A detective who testified to the grand jury said he didn’t know what wax was at first, but then Brown’s toxicology report came back indicating the 12 nanograms of THC in his blood. Seeking guidance from the medical examiner, the detective told the grand jury that the coroner told him 12 nanograms of THC “could have potentially caused a loss in perception of space and time and there was also the possibility that there could have been hallucinations.”

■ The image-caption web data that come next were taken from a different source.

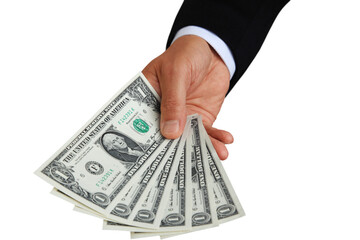 Wall Mural - money series: man hands over dollar bills, detail shot.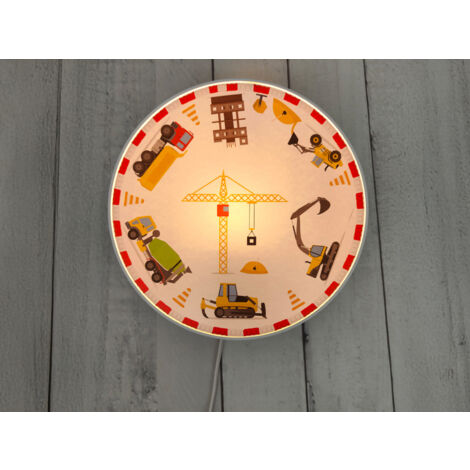 Kinderzimmer Wandlampe Weiß mit Baustellen Motiven, Schalter und Stecker, Ø 25cm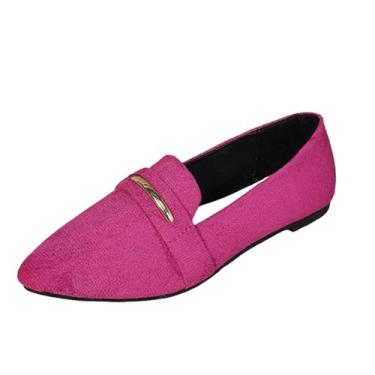Imagem de Mocassim feminino casual sem cadarço com design confortável, versátil para uso na primavera, Rosa choque, 34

Despite Johnson saying they hadn’t used marijuana, despite no marijuana being found on Brown or Johnson, despite the workers both saying they hadn’t given any marijuana to Brown and Johnson, the detective told the grand jury he suspected that the workers sold Brown some concentrate. Despite the evidence that seemed to show Brown hadn’t even heard of “wax,” McColloch’s prosecutor asked a police chemist, “If one were to ingest that, you would be consuming a higher level of THC than you would if you were to have smoked or ingested the plant material?” and receiving the expected truthful answer of yes.
Continuing the line of questioning to the toxicologist, the prosecutors once again planted the seed that Brown’s marijuana use turned him into a drug-fueled beast. “But you cannot draw any conclusions that he was suffering or that he was experiencing hallucinations or having a psychotic break?” to which the toxicologist replies, “That is correct.” What other terrible symptoms can we not be sure about when it comes to Michael Brown’s unknown use of marijuana at some unspecified time in some unspecified amount, but we can mention to the grand jury to plant in their heads?
In the end, the grand jury failed to induct Officer Wilson. Twelve people who very likely don’t use marijuana or understand a thing about it were exposed to 44 instances of Brown’s marijuana use being questioned. They’re told 12 nanograms would require a lot of marijuana for a big fellow like Brown and that a THC level that high can cause hallucinations and psychosis. They’re given the implication that may be a “wax” user and then frightened by the concept that this new scary drug is so much more potent than mere pot smoking. They’ve seen the video from the convenience store where Brown pushes a store clerk and steals Cigarillos used for marijuana blunts. Then they hear four hours of testimony from Wilson explaining how big Michael Brown was, like “Hulk Hogan”, his face a “demon”, his body making “a grunting, like aggravated sound” and “bulking up to run through the shots.”
In the end, they believed it all, because, of course, cops who are given weeks to tell their story after seeing all the witness testimony and forensic evidence leaked to the press don’t change their narrative for retroactively continuity. For the grand jury, Officer Wilson had no choice but to gun down the unarmed psychotic pothead in self-defense.